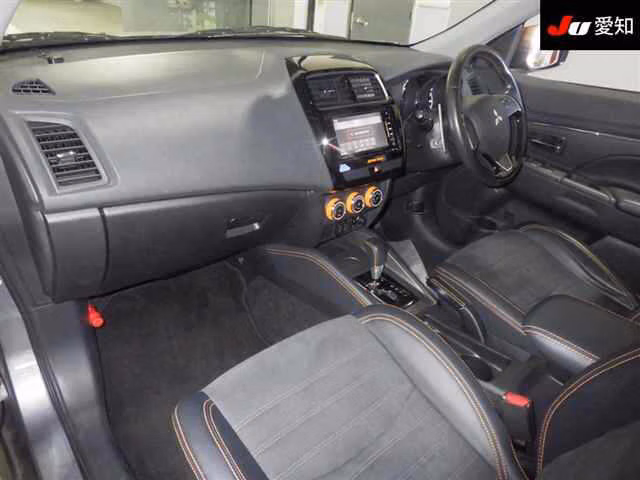 MITSUBISHI RVR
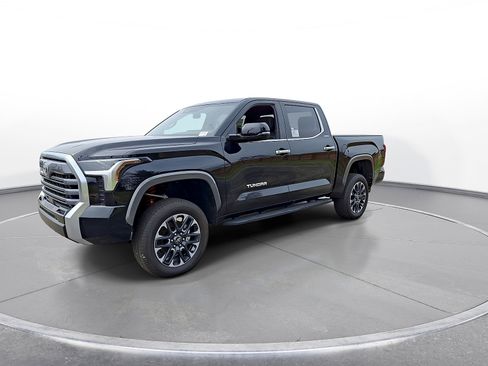 New 2026 Toyota Tundra Limited AWD/4WD image 4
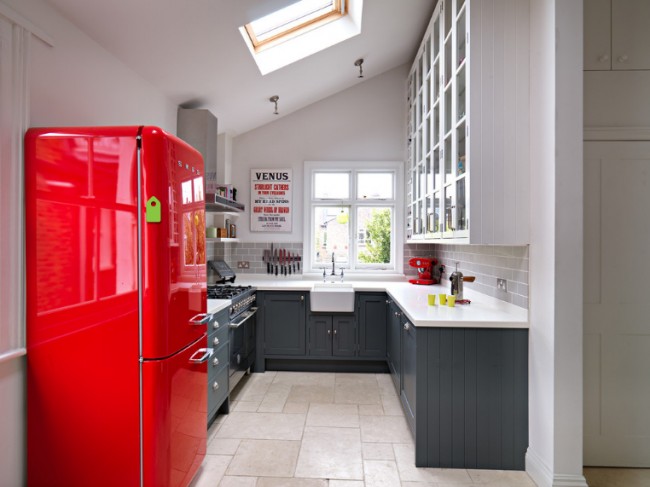 Акцентный красных холодильник в бело - серой кухне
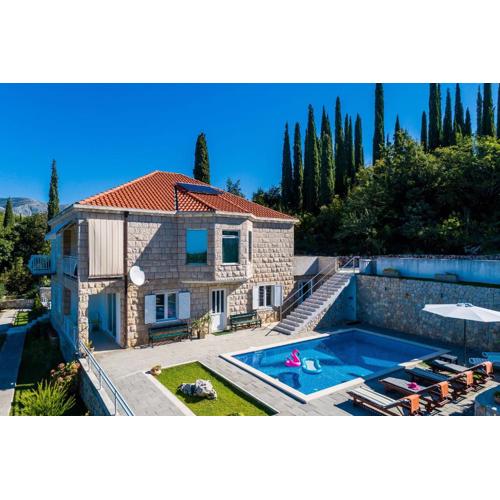 Villa Oasis Cypress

**ASSIGNMENT:**
Leave the images out as you retype each line of the material exactly.

**TASK RESPONSE:**
 MITSUBISHI RVR
 New 2026 Toyota Tundra Limited AWD/4WD image 4
 Акцентный красных холодильник в бело - серой кухне
 Villa Oasis Cypress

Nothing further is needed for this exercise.